How do you handle changes related to syscalls that call
force_successful_syscall_return() ?
>
> Support of changing additional details returned by PTRACE_GET_SYSCALL_INFO,
> such as instruction pointer and stack pointer, could be added later if
> needed, by using struct ptrace_syscall_info.flags to specify the additional
> details that should be set. Currently, "flags", "reserved", and
> "seccomp.reserved2" fields of struct ptrace_syscall_info must be
> initialized with zeroes; "arch", "instruction_pointer", and "stack_pointer"
> fields are ignored.
>
> PTRACE_SET_SYSCALL_INFO currently supports only PTRACE_SYSCALL_INFO_ENTRY,
> PTRACE_SYSCALL_INFO_EXIT, and PTRACE_SYSCALL_INFO_SECCOMP operations.

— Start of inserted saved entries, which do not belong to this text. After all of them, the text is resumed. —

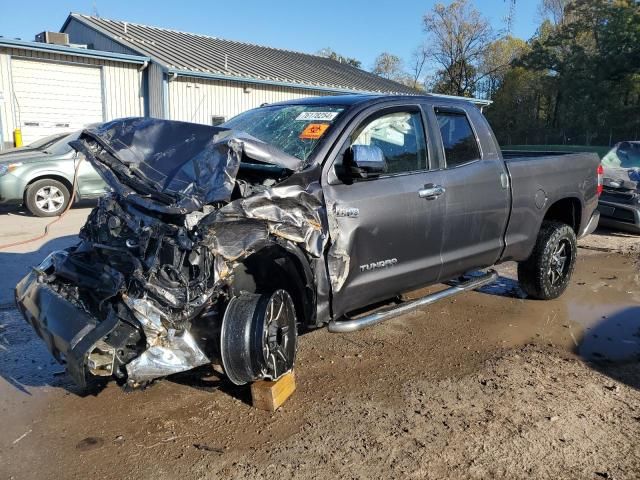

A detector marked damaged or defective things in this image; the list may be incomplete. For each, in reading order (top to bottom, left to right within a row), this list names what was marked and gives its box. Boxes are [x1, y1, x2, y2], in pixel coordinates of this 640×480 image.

crumpled hood [69, 117, 304, 213]
shattered windshield [224, 104, 344, 161]
crushed front end [16, 118, 324, 388]
severely damaged truck [16, 94, 604, 390]
damaged wheel [220, 288, 298, 386]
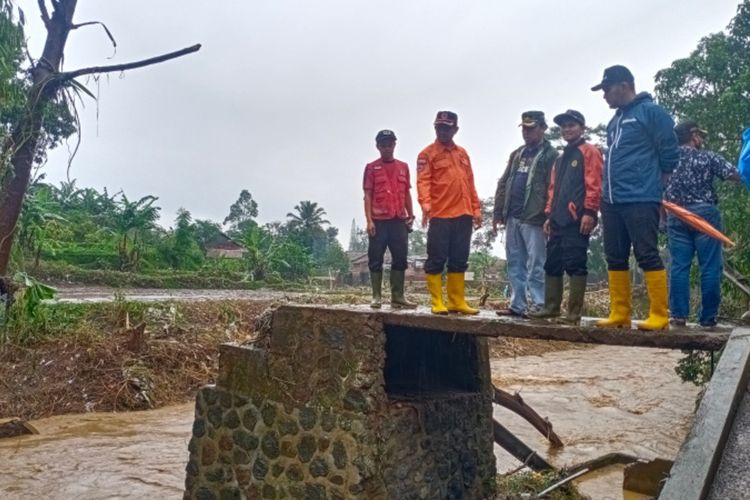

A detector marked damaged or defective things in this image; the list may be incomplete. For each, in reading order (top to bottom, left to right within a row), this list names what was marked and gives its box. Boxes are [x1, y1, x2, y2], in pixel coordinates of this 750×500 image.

cracked concrete edge [660, 326, 750, 498]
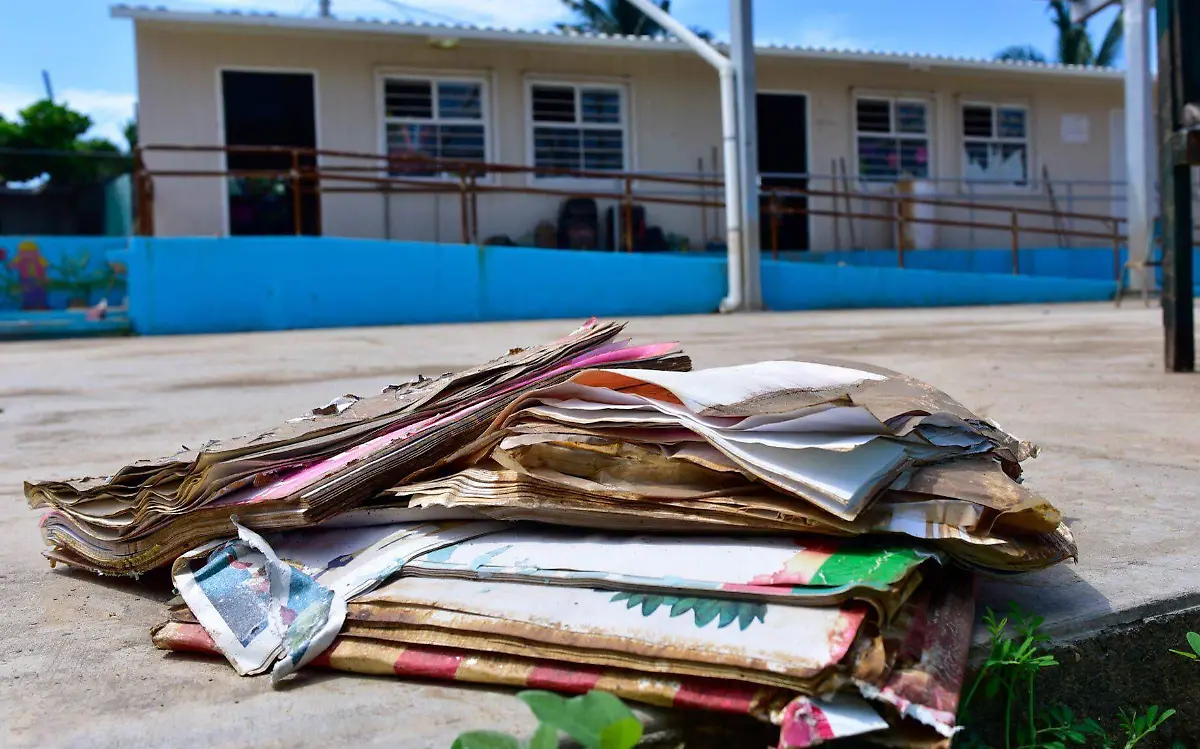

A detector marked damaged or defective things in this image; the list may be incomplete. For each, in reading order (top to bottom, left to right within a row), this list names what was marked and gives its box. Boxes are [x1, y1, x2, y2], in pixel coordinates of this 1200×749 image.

stack of damaged books [28, 319, 1080, 744]
cracked concrete surface [2, 304, 1200, 749]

> Other operations could be added later if needed.
>
> Ideally, PTRACE_SET_SYSCALL_INFO should have been introduced along with
> PTRACE_GET_SYSCALL_INFO, but it didn't happen. The last straw that
> convinced me to implement PTRACE_SET_SYSCALL_INFO was apparent failure
> to provide an API of changing the first system call argument on riscv
> architecture.
>
> ptrace(2) man page:
>
> long ptrace(enum __ptrace_request request, pid_t pid, void *addr, void *data);
> ...
> PTRACE_SET_SYSCALL_INFO
> Modify information about the system call that caused the stop.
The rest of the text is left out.